▶ RECORDED INFORMATION:
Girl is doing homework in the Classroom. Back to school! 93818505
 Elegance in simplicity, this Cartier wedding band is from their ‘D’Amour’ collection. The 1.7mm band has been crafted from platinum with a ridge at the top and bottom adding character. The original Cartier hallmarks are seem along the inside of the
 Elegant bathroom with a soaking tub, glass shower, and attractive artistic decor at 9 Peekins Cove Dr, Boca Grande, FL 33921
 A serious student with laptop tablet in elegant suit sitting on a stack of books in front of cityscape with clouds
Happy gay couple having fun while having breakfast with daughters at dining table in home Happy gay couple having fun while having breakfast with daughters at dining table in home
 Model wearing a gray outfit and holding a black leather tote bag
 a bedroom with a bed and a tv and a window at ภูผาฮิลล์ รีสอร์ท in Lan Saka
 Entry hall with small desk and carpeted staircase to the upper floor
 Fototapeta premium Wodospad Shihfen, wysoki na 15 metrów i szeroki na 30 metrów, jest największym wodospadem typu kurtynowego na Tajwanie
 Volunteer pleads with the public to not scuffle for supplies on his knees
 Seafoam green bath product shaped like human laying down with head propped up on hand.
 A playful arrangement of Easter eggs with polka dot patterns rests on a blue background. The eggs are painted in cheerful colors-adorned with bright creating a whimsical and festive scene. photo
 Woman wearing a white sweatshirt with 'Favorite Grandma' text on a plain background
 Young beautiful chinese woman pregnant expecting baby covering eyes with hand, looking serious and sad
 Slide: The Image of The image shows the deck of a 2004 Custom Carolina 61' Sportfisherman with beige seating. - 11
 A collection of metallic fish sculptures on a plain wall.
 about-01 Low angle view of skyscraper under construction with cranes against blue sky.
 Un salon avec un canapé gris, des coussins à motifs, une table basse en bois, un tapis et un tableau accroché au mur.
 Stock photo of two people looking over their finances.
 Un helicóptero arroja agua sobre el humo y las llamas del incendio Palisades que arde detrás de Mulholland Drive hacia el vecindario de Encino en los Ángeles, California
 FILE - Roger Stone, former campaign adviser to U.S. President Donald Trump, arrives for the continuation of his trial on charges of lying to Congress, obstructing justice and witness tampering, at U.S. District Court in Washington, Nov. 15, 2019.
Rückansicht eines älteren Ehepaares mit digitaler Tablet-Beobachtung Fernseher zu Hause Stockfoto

▶ YOUR TASK: Reproduce the data exactly, omitting nothing.

▶ SOLUTION TO THE PROBLEM:
Girl is doing homework in the Classroom. Back to school! 93818505
 Elegance in simplicity, this Cartier wedding band is from their ‘D’Amour’ collection. The 1.7mm band has been crafted from platinum with a ridge at the top and bottom adding character. The original Cartier hallmarks are seem along the inside of the
 Elegant bathroom with a soaking tub, glass shower, and attractive artistic decor at 9 Peekins Cove Dr, Boca Grande, FL 33921
 A serious student with laptop tablet in elegant suit sitting on a stack of books in front of cityscape with clouds
Happy gay couple having fun while having breakfast with daughters at dining table in home Happy gay couple having fun while having breakfast with daughters at dining table in home
 Model wearing a gray outfit and holding a black leather tote bag
 a bedroom with a bed and a tv and a window at ภูผาฮิลล์ รีสอร์ท in Lan Saka
 Entry hall with small desk and carpeted staircase to the upper floor
 Fototapeta premium Wodospad Shihfen, wysoki na 15 metrów i szeroki na 30 metrów, jest największym wodospadem typu kurtynowego na Tajwanie
 Volunteer pleads with the public to not scuffle for supplies on his knees
 Seafoam green bath product shaped like human laying down with head propped up on hand.
 A playful arrangement of Easter eggs with polka dot patterns rests on a blue background. The eggs are painted in cheerful colors-adorned with bright creating a whimsical and festive scene. photo
 Woman wearing a white sweatshirt with 'Favorite Grandma' text on a plain background
 Young beautiful chinese woman pregnant expecting baby covering eyes with hand, looking serious and sad
 Slide: The Image of The image shows the deck of a 2004 Custom Carolina 61' Sportfisherman with beige seating. - 11
 A collection of metallic fish sculptures on a plain wall.
 about-01 Low angle view of skyscraper under construction with cranes against blue sky.
 Un salon avec un canapé gris, des coussins à motifs, une table basse en bois, un tapis et un tableau accroché au mur.
 Stock photo of two people looking over their finances.
 Un helicóptero arroja agua sobre el humo y las llamas del incendio Palisades que arde detrás de Mulholland Drive hacia el vecindario de Encino en los Ángeles, California
 FILE - Roger Stone, former campaign adviser to U.S. President Donald Trump, arrives for the continuation of his trial on charges of lying to Congress, obstructing justice and witness tampering, at U.S. District Court in Washington, Nov. 15, 2019.
Rückansicht eines älteren Ehepaares mit digitaler Tablet-Beobachtung Fernseher zu Hause Stockfoto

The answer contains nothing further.